Following the stepwise approach to the rank ordering of interventions on the basis of their cost effectiveness, we first report the average cost effectiveness ratios of all interventions within each disease area (appendix table B1 on bmj.com).
Second, we report the incremental cost effectiveness ratios for those interventions that both cost less and provide more health effects than other interventions, and these indicate the economic attractiveness of interventions within each disease area (same table).
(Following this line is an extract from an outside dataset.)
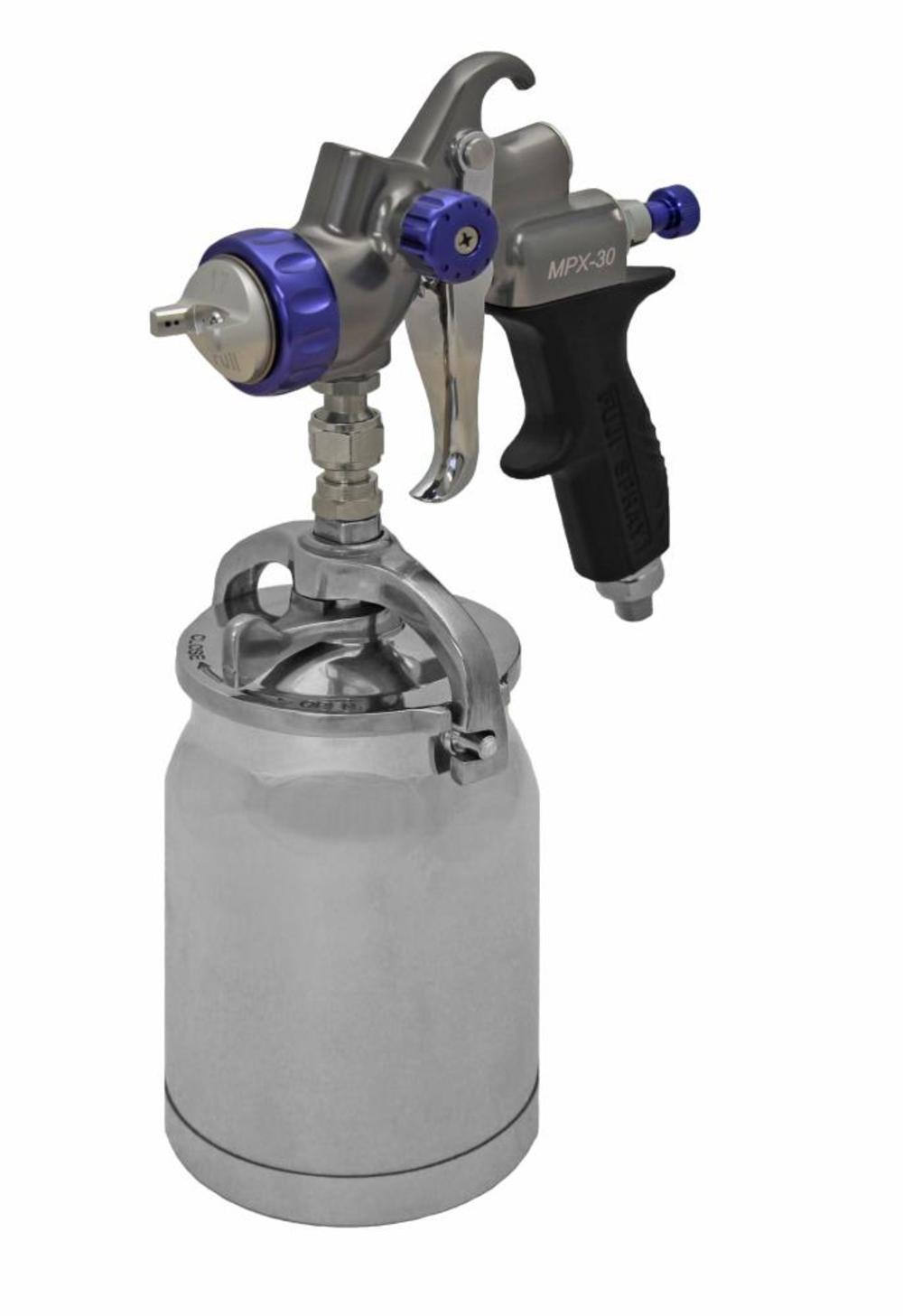

Fuji Spray MPX-30 Siphon RP Gun with Cup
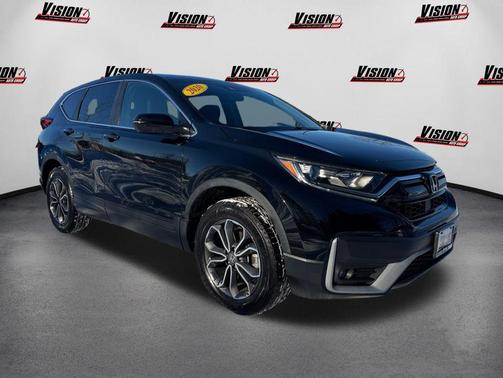 2020 Honda CR-V AWD EX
In trachoma control, trichiasis surgery is the most cost effective intervention, followed by mass treatment with azithromycin in both regions. Both mass treatment with tetracycline ointment and targeted treatment with azithromycin are not cost effective. In cataract control, extracapsular cataract surgery dominates intracapsular surgery in both regions. In both regions, passive screening of children and adults for hearing disorders (in combination with provision of hearing aids) is most cost effective, followed by screening of adults every five years and annual screening of primary and secondary school children. Screening of adults every 10 years is not cost effective. For treatment of chronic otitis media, treatment with topical antibiotics is the most cost effective intervention in both regions. For screening for refractive error (including the provision of spectacles), screening of all primary and secondary school children is most cost effective in sub-Saharan Africa. In South East Asia, screening of secondary school children is most cost effective, followed by screening of both primary and secondary school children.
In a third step, we rank interventions according to their incremental cost effectiveness ratio across all disease areas (tables 4 and 5 for sub-Saharan Africa and South East Asia). This is illustrated in the figure for sub-Saharan Africa. Implementation of all cost effective interventions would cost around $Int19 per capita in sub-Saharan Africa.
| Table 4 Cost effectiveness of strategies to combat vision and hearing loss in WHO sub-Saharan African sub-region AfrE |
| Table 5 Cost effectiveness of strategies to combat vision and hearing loss in WHO South East Asian sub-region SearD |
In both regions treatment of chronic otitis media with topical antibiotics is the most cost effective intervention, with an average cost per DALY averted of <$Int63 at all levels. In sub-Saharan Africa the next most cost effective interventions are trichiasis surgery, extracapsular cataract surgery, annual screening of all primary and secondary school children for refractive error, and treatment for meningitis with ceftriaxione. In South East Asia the next most cost effective interventions are treatment of meningitis with ceftriaxione, extracapsular cataract surgery, screening of all primary and secondary school children for refractive error, and trichiasis surgery. In both regions these interventions all cost <$Int285 per DALY averted (incremental cost effectiveness ratio, with the exact order of interventions dependent on coverage level). In both regions introducing screening for hearing impairment in combination with the delivery of hearing aids, at 80% coverage level costs around $Int1000 per DALY averted. According to WHO-CHOICE benchmark on cost effectiveness, these interventions can all be considered very cost effective. Mass treatment with azithromycin is the least cost effective intervention in both regions but can, depending on the coverage level, still be considered cost effective in the sub-Saharan African region. In the absence of any budgetary constraint implementation of all interventions would lead to a total health gain of up to 32 million DALYs in sub-Saharan Africa and 84 million DALYs in South East Asia.
The probabilistic uncertainty analysis depicted in appendix C on bmj.com shows the impact of plausible variations in total costs and total effects and shows that the average cost effectiveness ratios of most interventions would retain their classification of highly cost effective or cost effective after taking into account such uncertainty. A similar logic would apply to the incremental cost effectiveness ratio.